> [What you are asked to do]
Set down the line containing "this 960×639 image." and each line after it through the last line of the records, exactly, leaving pictures out.

> [Dataset entries]

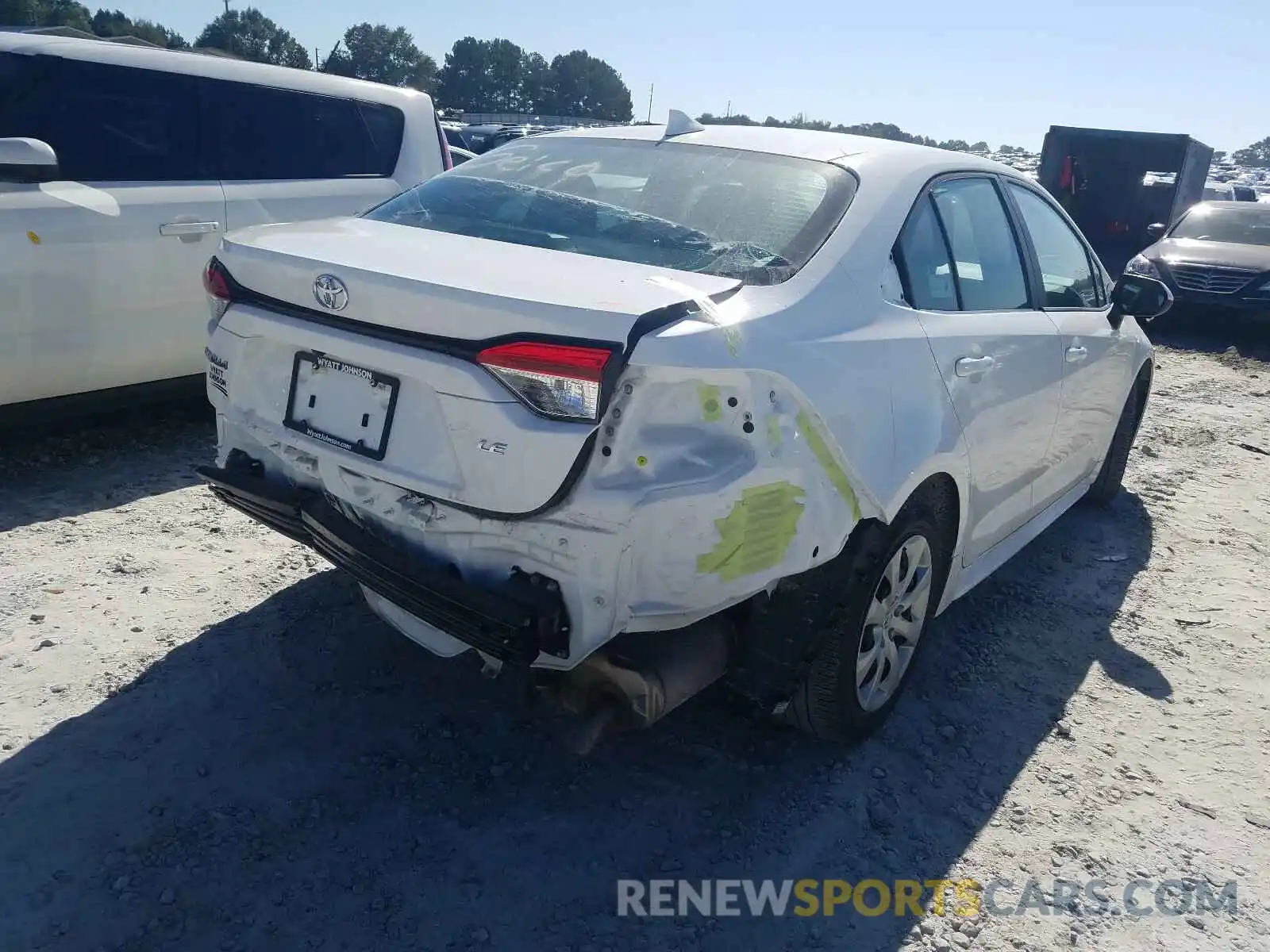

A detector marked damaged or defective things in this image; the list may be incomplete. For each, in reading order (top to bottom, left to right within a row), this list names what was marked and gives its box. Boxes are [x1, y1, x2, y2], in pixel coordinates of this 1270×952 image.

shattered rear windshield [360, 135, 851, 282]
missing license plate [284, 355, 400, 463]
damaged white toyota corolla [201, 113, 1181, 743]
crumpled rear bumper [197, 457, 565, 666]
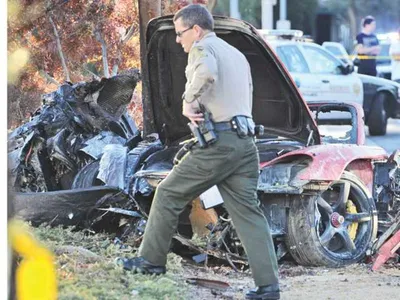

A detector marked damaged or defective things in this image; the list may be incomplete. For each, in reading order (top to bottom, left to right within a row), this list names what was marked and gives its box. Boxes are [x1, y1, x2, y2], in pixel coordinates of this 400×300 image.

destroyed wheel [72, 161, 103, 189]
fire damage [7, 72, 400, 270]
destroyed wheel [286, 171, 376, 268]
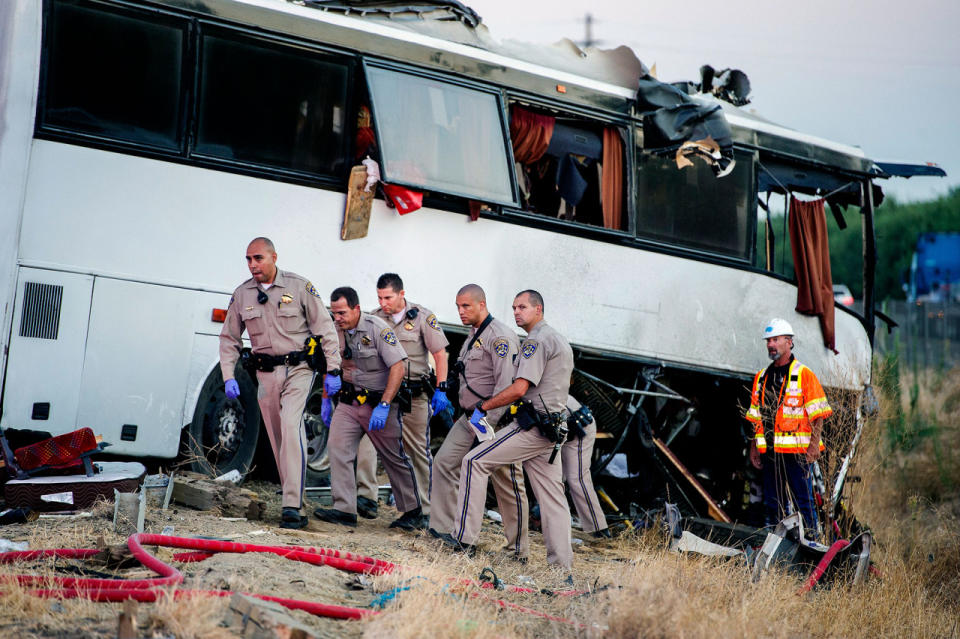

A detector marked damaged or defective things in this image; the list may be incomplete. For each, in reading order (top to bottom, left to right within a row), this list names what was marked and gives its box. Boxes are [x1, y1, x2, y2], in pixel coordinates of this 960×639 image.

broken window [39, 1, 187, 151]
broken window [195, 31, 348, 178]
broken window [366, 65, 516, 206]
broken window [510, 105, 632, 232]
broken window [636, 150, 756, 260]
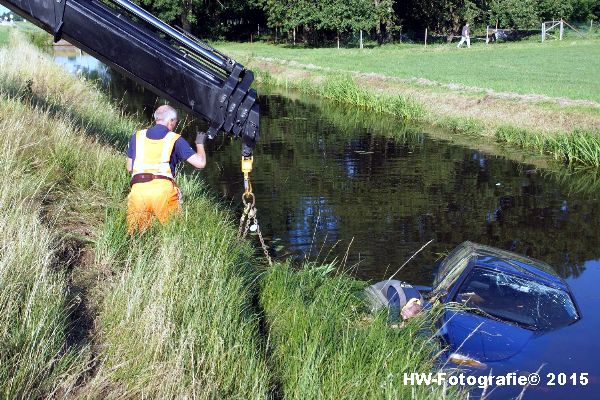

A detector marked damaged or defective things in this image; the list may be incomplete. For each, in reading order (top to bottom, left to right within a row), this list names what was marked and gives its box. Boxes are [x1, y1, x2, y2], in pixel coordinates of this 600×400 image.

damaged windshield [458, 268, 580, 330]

> [Answer to the problem]
A detector marked damaged or defective things in this image; the list may be incomplete. For each, in reading order (top to bottom, left to right within a row), this list names what was marked and gives its box. Boxes are [x1, y1, x2, y2], in pixel coordinates of this 960×639 image.

broken window [39, 1, 187, 151]
broken window [195, 31, 348, 178]
broken window [366, 65, 516, 206]
broken window [510, 105, 632, 232]
broken window [636, 150, 756, 260]

A detector marked damaged or defective things in this image; the list may be incomplete. For each, in reading order (top to bottom, left to right within a row), this list names what was marked and gives its box. Boxes are [x1, y1, x2, y2], in pixel coordinates of this 600×400 image.

damaged windshield [458, 268, 580, 330]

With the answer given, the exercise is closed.